» Exercise aim
Please write out the data that follows, word for word.

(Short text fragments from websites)
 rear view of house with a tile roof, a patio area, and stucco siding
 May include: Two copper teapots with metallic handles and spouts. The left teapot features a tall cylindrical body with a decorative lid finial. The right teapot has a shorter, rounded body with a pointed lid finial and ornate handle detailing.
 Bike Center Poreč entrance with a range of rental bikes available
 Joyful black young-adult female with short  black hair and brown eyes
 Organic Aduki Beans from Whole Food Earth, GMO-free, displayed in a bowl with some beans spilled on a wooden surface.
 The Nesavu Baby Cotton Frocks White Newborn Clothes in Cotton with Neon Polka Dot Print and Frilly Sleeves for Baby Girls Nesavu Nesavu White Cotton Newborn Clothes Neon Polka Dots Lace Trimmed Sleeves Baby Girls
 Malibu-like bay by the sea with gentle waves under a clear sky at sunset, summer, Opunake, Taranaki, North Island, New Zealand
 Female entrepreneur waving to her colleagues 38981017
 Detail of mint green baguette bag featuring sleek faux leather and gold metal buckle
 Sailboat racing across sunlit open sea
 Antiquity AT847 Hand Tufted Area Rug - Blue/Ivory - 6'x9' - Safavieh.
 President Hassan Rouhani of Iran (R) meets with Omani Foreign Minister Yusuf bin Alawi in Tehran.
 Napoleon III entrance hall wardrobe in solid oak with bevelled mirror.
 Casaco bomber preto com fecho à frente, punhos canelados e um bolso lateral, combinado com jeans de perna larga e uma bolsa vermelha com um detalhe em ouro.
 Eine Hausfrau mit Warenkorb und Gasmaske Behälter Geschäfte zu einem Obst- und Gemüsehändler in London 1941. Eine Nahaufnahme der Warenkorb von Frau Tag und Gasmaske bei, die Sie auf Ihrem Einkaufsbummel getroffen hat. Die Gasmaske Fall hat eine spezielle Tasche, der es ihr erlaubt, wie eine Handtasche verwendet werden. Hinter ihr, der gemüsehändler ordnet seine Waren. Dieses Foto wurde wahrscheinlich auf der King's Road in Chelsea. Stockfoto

» Answer below
 rear view of house with a tile roof, a patio area, and stucco siding
 May include: Two copper teapots with metallic handles and spouts. The left teapot features a tall cylindrical body with a decorative lid finial. The right teapot has a shorter, rounded body with a pointed lid finial and ornate handle detailing.
 Bike Center Poreč entrance with a range of rental bikes available
 Joyful black young-adult female with short  black hair and brown eyes
 Organic Aduki Beans from Whole Food Earth, GMO-free, displayed in a bowl with some beans spilled on a wooden surface.
 The Nesavu Baby Cotton Frocks White Newborn Clothes in Cotton with Neon Polka Dot Print and Frilly Sleeves for Baby Girls Nesavu Nesavu White Cotton Newborn Clothes Neon Polka Dots Lace Trimmed Sleeves Baby Girls
 Malibu-like bay by the sea with gentle waves under a clear sky at sunset, summer, Opunake, Taranaki, North Island, New Zealand
 Female entrepreneur waving to her colleagues 38981017
 Detail of mint green baguette bag featuring sleek faux leather and gold metal buckle
 Sailboat racing across sunlit open sea
 Antiquity AT847 Hand Tufted Area Rug - Blue/Ivory - 6'x9' - Safavieh.
 President Hassan Rouhani of Iran (R) meets with Omani Foreign Minister Yusuf bin Alawi in Tehran.
 Napoleon III entrance hall wardrobe in solid oak with bevelled mirror.
 Casaco bomber preto com fecho à frente, punhos canelados e um bolso lateral, combinado com jeans de perna larga e uma bolsa vermelha com um detalhe em ouro.
 Eine Hausfrau mit Warenkorb und Gasmaske Behälter Geschäfte zu einem Obst- und Gemüsehändler in London 1941. Eine Nahaufnahme der Warenkorb von Frau Tag und Gasmaske bei, die Sie auf Ihrem Einkaufsbummel getroffen hat. Die Gasmaske Fall hat eine spezielle Tasche, der es ihr erlaubt, wie eine Handtasche verwendet werden. Hinter ihr, der gemüsehändler ordnet seine Waren. Dieses Foto wurde wahrscheinlich auf der King's Road in Chelsea. Stockfoto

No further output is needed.